Jetzt also doch, Thomas Eder muss operiert werden

Von Helmut Ohner
IOEM
Thomas Eder

Thomas Eder

Nach seinem Schlüsselbeinbruch beim Saisonauftakt der österreichischen Motorrad-Meisterschaft hoffte Titelverteidiger Thomas Eder noch, ohne Operation davonzukommen. Jetzt muss der Bayer doch unters Messer.

Noch bevor die österreichische Motorrad-Meisterschaft der Klasse Superstock 600 auf dem Pannonia Ring so richtig begonnen hatte, war sie für Thomas Eder auch schon wieder vorbei. Der Yamaha-Pilot kam in der Einführungsrunde zum ersten Rennen auf einer nassen Stelle zu Sturz. Anstatt Pokal gab es für den Titelverteidiger Spital.

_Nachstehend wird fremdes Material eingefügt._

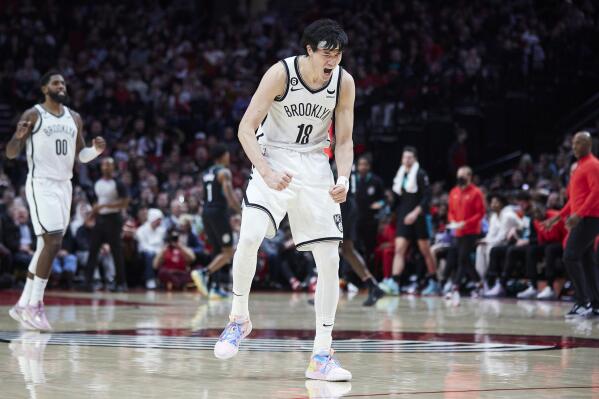 Brooklyn Nets forward Yuta Watanabe reacts after making a 3-point basket against the Portland Trail Blazers during the second half of an NBA basketball game in Portland, Ore., Thursday, Nov. 17, 2022. (AP Photo/Craig Mitchelldyer)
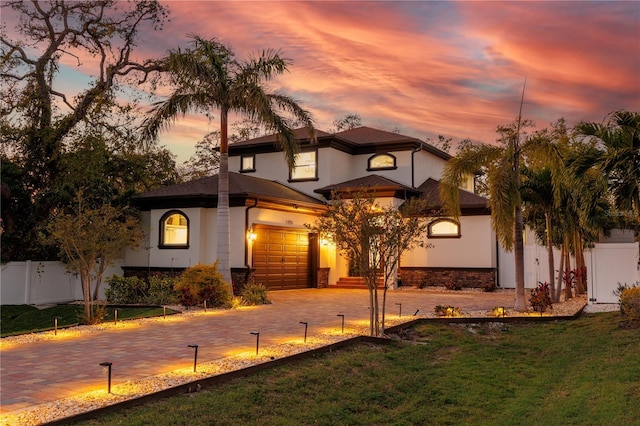 view of front facade featuring stucco siding, driveway, a front lawn, and fence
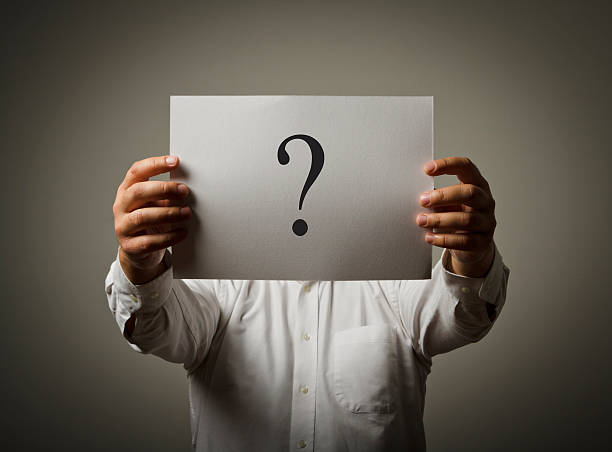 istock Question-mark. Man in white holding paper. 184031692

Wie schon vor zwei Jahren war an der rechten Seite das Schlüsselbein entzweigegangen. «Damals bin ich beim Moto Cross gestürzt», erinnert sich der 35-jährige Bayer aus Eggenfelden. «Mein rechtes Schlüsselbein ist in mehrere Teile zerbrochen und mir wurde eine Platte eingesetzt, die erst Ende des vergangenen Jahres wieder entfernt wurde.»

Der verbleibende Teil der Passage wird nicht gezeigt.